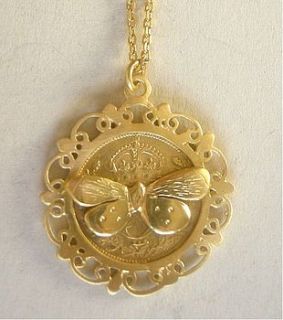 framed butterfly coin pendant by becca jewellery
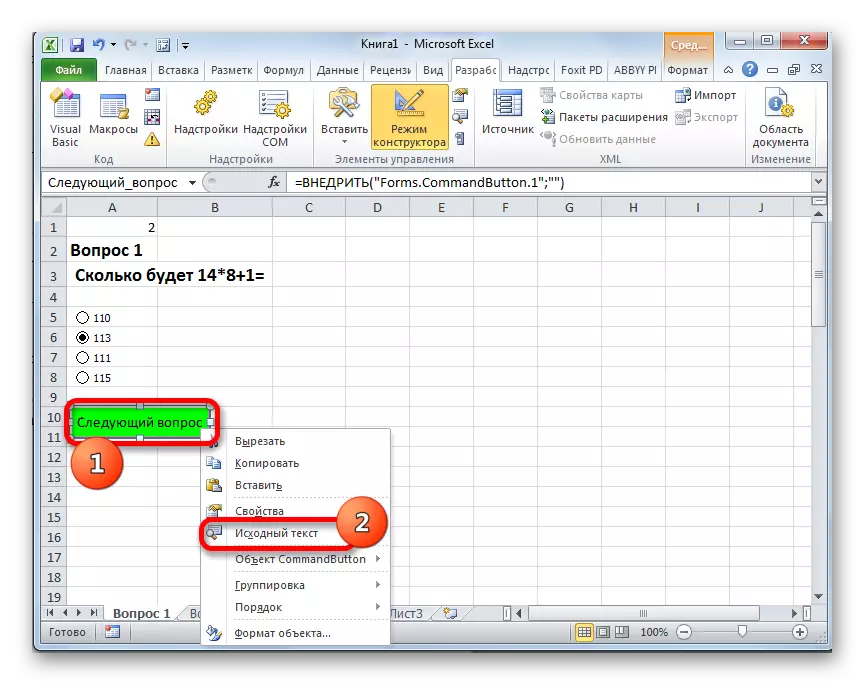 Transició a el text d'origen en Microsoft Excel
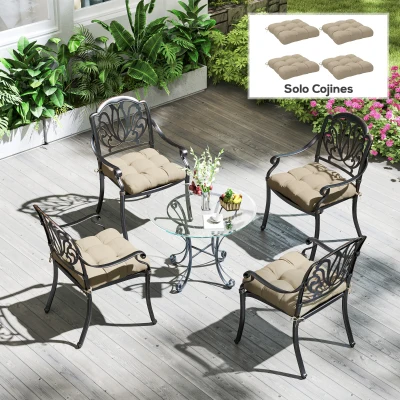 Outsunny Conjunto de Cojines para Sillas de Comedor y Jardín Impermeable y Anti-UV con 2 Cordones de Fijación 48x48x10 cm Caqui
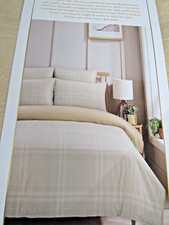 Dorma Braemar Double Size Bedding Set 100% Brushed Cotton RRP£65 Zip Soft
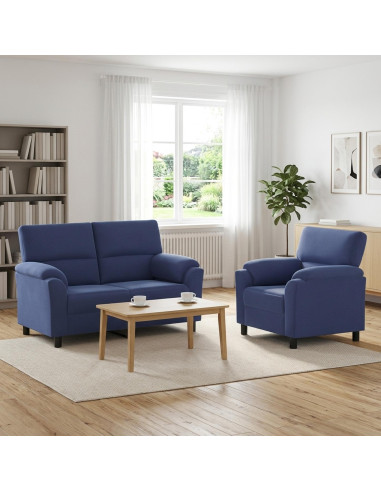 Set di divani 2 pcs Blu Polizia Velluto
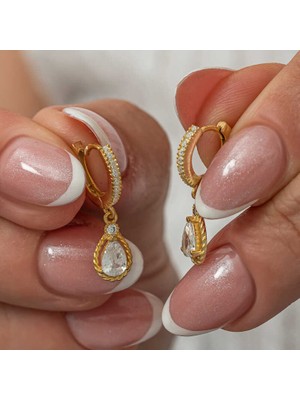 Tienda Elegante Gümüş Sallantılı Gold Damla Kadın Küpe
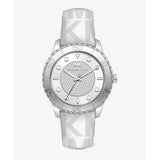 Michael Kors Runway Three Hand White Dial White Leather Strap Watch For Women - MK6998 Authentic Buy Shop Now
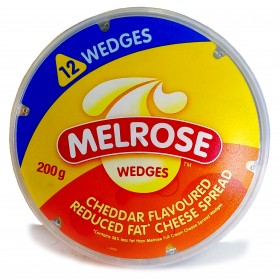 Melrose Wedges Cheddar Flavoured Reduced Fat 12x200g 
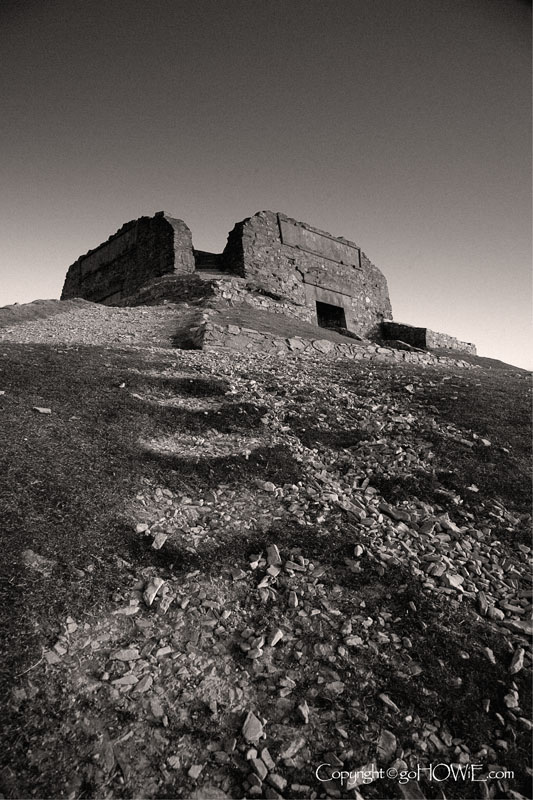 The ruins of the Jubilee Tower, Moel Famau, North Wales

· · · · ·

__The problem__
Pictures should be skipped, and the records retyped word for word.

__Solved problem__
 framed butterfly coin pendant by becca jewellery
 Transició a el text d'origen en Microsoft Excel
 Outsunny Conjunto de Cojines para Sillas de Comedor y Jardín Impermeable y Anti-UV con 2 Cordones de Fijación 48x48x10 cm Caqui
 Dorma Braemar Double Size Bedding Set 100% Brushed Cotton RRP£65 Zip Soft
 Set di divani 2 pcs Blu Polizia Velluto
 Tienda Elegante Gümüş Sallantılı Gold Damla Kadın Küpe
 Michael Kors Runway Three Hand White Dial White Leather Strap Watch For Women - MK6998 Authentic Buy Shop Now
 Melrose Wedges Cheddar Flavoured Reduced Fat 12x200g 
 The ruins of the Jubilee Tower, Moel Famau, North Wales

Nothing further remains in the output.